**Data provided:**

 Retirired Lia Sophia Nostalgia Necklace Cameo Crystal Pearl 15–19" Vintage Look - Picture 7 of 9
--
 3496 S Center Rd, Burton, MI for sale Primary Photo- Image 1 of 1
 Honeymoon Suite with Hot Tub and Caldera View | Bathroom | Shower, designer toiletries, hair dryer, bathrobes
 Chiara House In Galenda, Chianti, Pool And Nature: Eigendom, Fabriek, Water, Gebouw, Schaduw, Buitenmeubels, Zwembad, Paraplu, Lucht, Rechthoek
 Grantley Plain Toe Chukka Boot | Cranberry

**Problem to work on:** Reproduce exactly the section above that begins at the line containing "Chiara House In" and ends at the line containing "Grantley Plain Toe Chukka Boot | Cranberry", leaving out all other lines.

**Worked solution:**
 Chiara House In Galenda, Chianti, Pool And Nature: Eigendom, Fabriek, Water, Gebouw, Schaduw, Buitenmeubels, Zwembad, Paraplu, Lucht, Rechthoek
 Grantley Plain Toe Chukka Boot | Cranberry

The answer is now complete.